The paintings are the first examples of two iconic Australian animals in western art – so obviously Australia has been very keen to acquire them – to “bring them home”.
The pair were in private hands until last year when they were put up for sale and the National Gallery of Australia had agreed to buy them. But the UK government placed an export bar on them to allow the National Maritime Museum time to bid for them – and this week a £1.5m donation from shipping magnate Eyal Ofer enabled the museum to complete the purchase, leading to genuine disappointment from Australia.
This marks the end of a campaign which has seen very different stories told in the two countries, debating which nation’s heritage has the greatest claim. James Cook’s landing in Australia in 1770 changed the political, social and natural world. For the latter, the animals the expedition discovered, described and exported have had profound effects on people’s experience and understanding of zoology.

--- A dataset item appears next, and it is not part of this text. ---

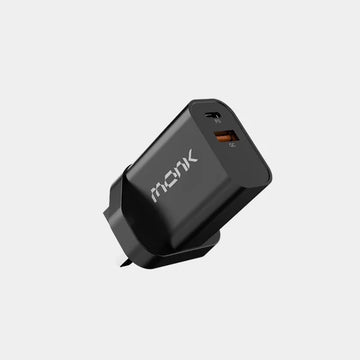 Imonk 65W Gan Adopter Uk/Us/ Eur Cable C To Lightning 100W -Black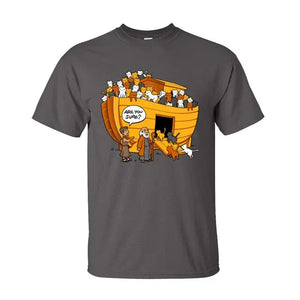 Tee shirt Humour Chat et Noé Vraiment-chat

While I believe that Cook’s descriptions of his party’s early encounters with kangaroos were so constrained by comparisons with European animals as to be ridiculous, it was these encounters that began Europe’s relationship with Australasian wildlife.
A few marsupials in the Americas (opossums) were already known by this point, but a whole continent with entire ecosystems based around them including 6ft kangaroos questions the very nature of mammals. What else was there we didn’t know about? American opossums, with their pouches, would have been interesting discoveries to scientific communities of the day, but they must have been nothing compared to the sensation of the kangaroo in the eyes of the public.

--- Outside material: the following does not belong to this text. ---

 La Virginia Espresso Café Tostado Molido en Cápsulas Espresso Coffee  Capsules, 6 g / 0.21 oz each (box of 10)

It was Joseph Banks – the legendary naturalist aboard Cook’s Endeavour, whose name dots the map of Australia and who, the Australian Dictionary of Biography, notes “has been called ‘the Father of Australia’” who commissioned Stubbs to paint the two creatures on the basis of his descriptions and specimens and sketches by the crew.

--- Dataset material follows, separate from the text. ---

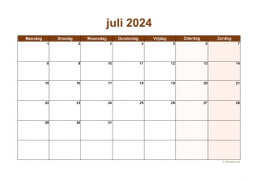 Kalender Juli 2024 Niederlande 06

When considering the impact of the painting on the European psyche, it was Stubb’s kangaroo that became Europe’s first idea of a kangaroo – what author John Simons described as the archetype of kangarooness. It would come to be the key influence on representations of kangaroos for decades. The paintings are also emblematic of the age of exploration and the historical threshold of the European occupation of Australia. Nothing was ever the same again.
So both sides had right on their sides when arguing about who should provide a permanent public home for the painting. In Britain, it was felt that they were too important to the country’s heritage to be allowed to leave. While in Australia it was felt that “the two Stubbs works represent the beginning of Australia’s rich visual culture and the gallery believes they have much greater relevance to the development of Australian imagery and art than to Britain’s maritime history”.
The response by Australian press has at times been peppered with vitriolic language, with a suspicion of accusations of colonialism.
Coat of arms
In truth, it’s very difficult to say of the first days of European exploration of Australia what is Australian history and what is British history. That these paintings are part of Australia’s heritage is essentially fleshed out in the National Gallery of Australia’s collections. They hold many subsequent drawings of kangaroos that hark back to Stubbs’ depictions. Indeed it was one of them that inspired Australia’s coat of arms. Is that enough to make Australia the natural home of these paintings?
Personally, I can’t think of any artworks more important to the history of British exploration. This is not just in the way they introduced the animals to Europe, but their positioning in time as emblems of discovery. That’s why I think it’s so important that the National Maritime Museum campaign was successful.
This is not, thankfully, a normal issue of restitution or spoilation. There is no controversy about who has owned the paintings and where they were sourced from. The two countries’ claims over how significant the works are to their national heritage are impossible to pick between. There is no doubt that they are key to both.
Why the National Maritime Museum’s acquisition shouldn’t be seen as imperial Britain seizing Australia’s history, as some have suggested, is in the story of the paintings themselves. This is wholly British. But whether Australia or Britain can claim the greater stake in their national heritage is less clear.
In the end I am pleased that the National Maritime Museum has been successful in keeping it in its national collection. But I hope that this is not the end of the conversation between the two countries over how the paintings’ stories can be made accessible to people in both.